Exactly as written, repeat all of the records below.

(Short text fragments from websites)
_____

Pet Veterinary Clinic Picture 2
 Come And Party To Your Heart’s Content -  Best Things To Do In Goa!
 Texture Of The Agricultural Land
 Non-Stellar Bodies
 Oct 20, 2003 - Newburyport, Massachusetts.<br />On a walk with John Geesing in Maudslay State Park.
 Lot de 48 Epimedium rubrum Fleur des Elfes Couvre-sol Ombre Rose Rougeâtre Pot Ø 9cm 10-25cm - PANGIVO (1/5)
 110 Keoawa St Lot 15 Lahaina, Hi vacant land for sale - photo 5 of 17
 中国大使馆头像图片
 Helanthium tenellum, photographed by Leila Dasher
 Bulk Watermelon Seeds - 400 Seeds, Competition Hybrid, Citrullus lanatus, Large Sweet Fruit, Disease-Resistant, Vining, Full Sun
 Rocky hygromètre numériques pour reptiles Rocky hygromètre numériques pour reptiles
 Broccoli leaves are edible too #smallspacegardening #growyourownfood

_____

Answer below:
Pet Veterinary Clinic Picture 2
 Come And Party To Your Heart’s Content -  Best Things To Do In Goa!
 Texture Of The Agricultural Land
 Non-Stellar Bodies
 Oct 20, 2003 - Newburyport, Massachusetts.<br />On a walk with John Geesing in Maudslay State Park.
 Lot de 48 Epimedium rubrum Fleur des Elfes Couvre-sol Ombre Rose Rougeâtre Pot Ø 9cm 10-25cm - PANGIVO (1/5)
 110 Keoawa St Lot 15 Lahaina, Hi vacant land for sale - photo 5 of 17
 中国大使馆头像图片
 Helanthium tenellum, photographed by Leila Dasher
 Bulk Watermelon Seeds - 400 Seeds, Competition Hybrid, Citrullus lanatus, Large Sweet Fruit, Disease-Resistant, Vining, Full Sun
 Rocky hygromètre numériques pour reptiles Rocky hygromètre numériques pour reptiles
 Broccoli leaves are edible too #smallspacegardening #growyourownfood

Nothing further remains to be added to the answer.